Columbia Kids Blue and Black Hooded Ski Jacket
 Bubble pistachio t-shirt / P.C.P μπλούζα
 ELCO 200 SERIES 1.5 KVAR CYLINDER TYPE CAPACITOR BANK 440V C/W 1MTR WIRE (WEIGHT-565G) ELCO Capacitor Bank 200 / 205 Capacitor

==

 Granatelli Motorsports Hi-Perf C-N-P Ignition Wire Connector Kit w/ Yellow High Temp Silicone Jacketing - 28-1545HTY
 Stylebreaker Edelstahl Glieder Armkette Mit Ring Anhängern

TO DO - Retype exactly the lines of the data above that fall between the line with "Columbia Kids Blue" and the line with "ELCO 200 SERIES", inclusive, and add nothing.

REPLY -
Columbia Kids Blue and Black Hooded Ski Jacket
 Bubble pistachio t-shirt / P.C.P μπλούζα
 ELCO 200 SERIES 1.5 KVAR CYLINDER TYPE CAPACITOR BANK 440V C/W 1MTR WIRE (WEIGHT-565G) ELCO Capacitor Bank 200 / 205 Capacitor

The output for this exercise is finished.